By Dee Shore
This story was originally published in the Summer 2011 issue of Perspectives magazine.
As Jeremy Pattison works to build a better strawberry for North Carolina, the N.C. State University plant breeder isn’t focusing solely on what would make a new cultivar attractive to farmers.
Through a unique arrangement with a leading culinary school, he’s also looking closely at traits that might matter most to consumers – things such as flavor, color, size and texture.
Pattison is at the center of the N.C. Strawberry Project, a joint venture of N.C. State’s Plants for Human Health Institute at the N.C. Research Campus in Kannapolis and Johnson & Wales University, an internationally recognized culinary institution with a campus in Charlotte.
Funded by a grant from Golden LEAF, a nonprofit organization devoted to strengthening North Carolina’s economy, the strawberry project is believed to be the first project to connect university plant breeders, researchers and producers with the culinary world.

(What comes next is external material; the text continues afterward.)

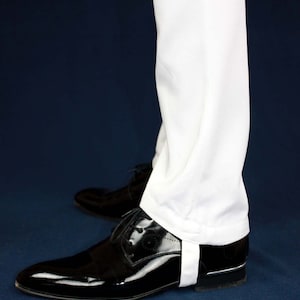 May include: White pants with a white cuff detail worn with black patent leather shoes.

Through the one-year project, Pattison is gathering information he hopes will lead to a tastier strawberry that’s especially suited to North Carolina’s growing conditions. “We want a North Carolina brand that is clearly different than those that were developed for the mass market,” he said. “Ultimately, we want to increase the economic value and impact of N.C. strawberries while enhancing the eating experience.”
If all goes well, the varieties that Pattison comes up with will also extend North Carolina’s strawberry harvest season, which typically lasts five to eight weeks in April and May.

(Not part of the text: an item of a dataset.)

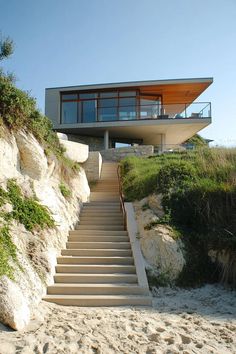 stairs lead up to the top of a house on a cliff overlooking the beach and ocean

Project organizers are hoping that they can help grow the market for N.C. strawberries 25 percent, to about $26 million annually, through efforts involving research, education and outreach.
Pattison and other project leaders — food microbiologist Dr. Jim Oblinger and communications specialist Leah Chester-Davis — said that students and faculty at Johnson & Wales are giving the university valuable information about what culinary professionals and high-end restaurants look for in strawberries.

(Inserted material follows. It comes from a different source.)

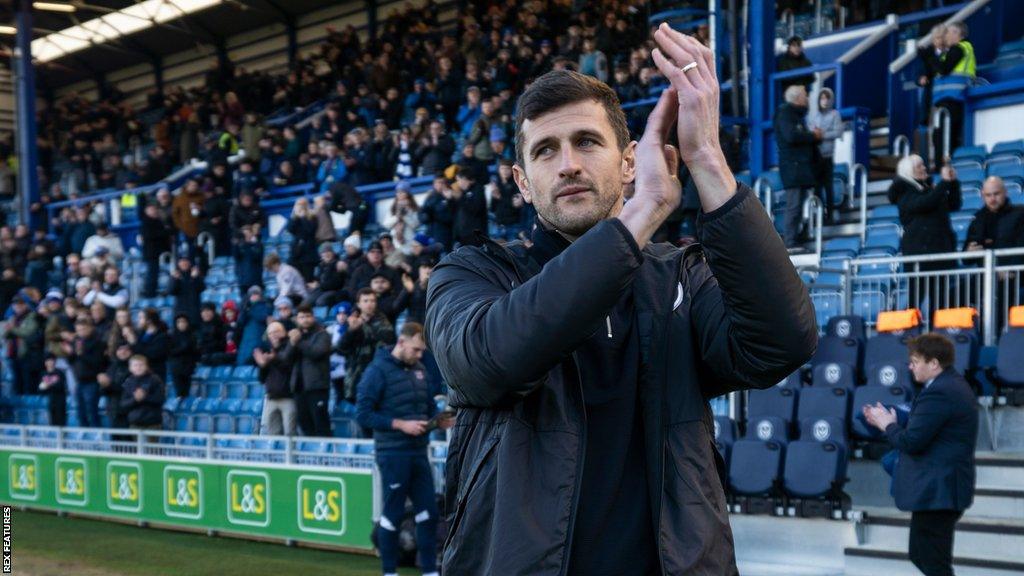 Portsmouth head coach John Mousinho claps supporters after his first game in charge in January 2023.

Because chefs can serve as intermediaries between farmers and consumers, their insight can be especially valuable, Chester-Davis said.
To gather and analyze their feedback on their preferences, N.C. State University hired Sensory Spectrum, which is also based at the N.C. Research Campus. The company conducts research into how consumers experience food and other products. In May, it led tests with produce buyers, chefs, JWU students and faculty and consumers.
Having Sensory Spectrum’s input in the early stages of a breeding program distinguishes the effort from traditional university breeding projects. Pattison said it could ultimately amplify the edge that North Carolina strawberry growers have when it comes to meeting local needs — and possibly lead to more national interest in North Carolina-grown strawberries.
“I feel that land-grant university research and extension has an excellent track record addressing the needs of the farmer,” Pattison said. “In this project, we are taking a more systematic approach to breeding fruit for quality — for consumer-preferred traits.”
The project has other goals, as well: Through a series of farm tours, it is helping tomorrow’s chefs and their instructors better understand the science and business of food production — particularly as it relates to local agriculture.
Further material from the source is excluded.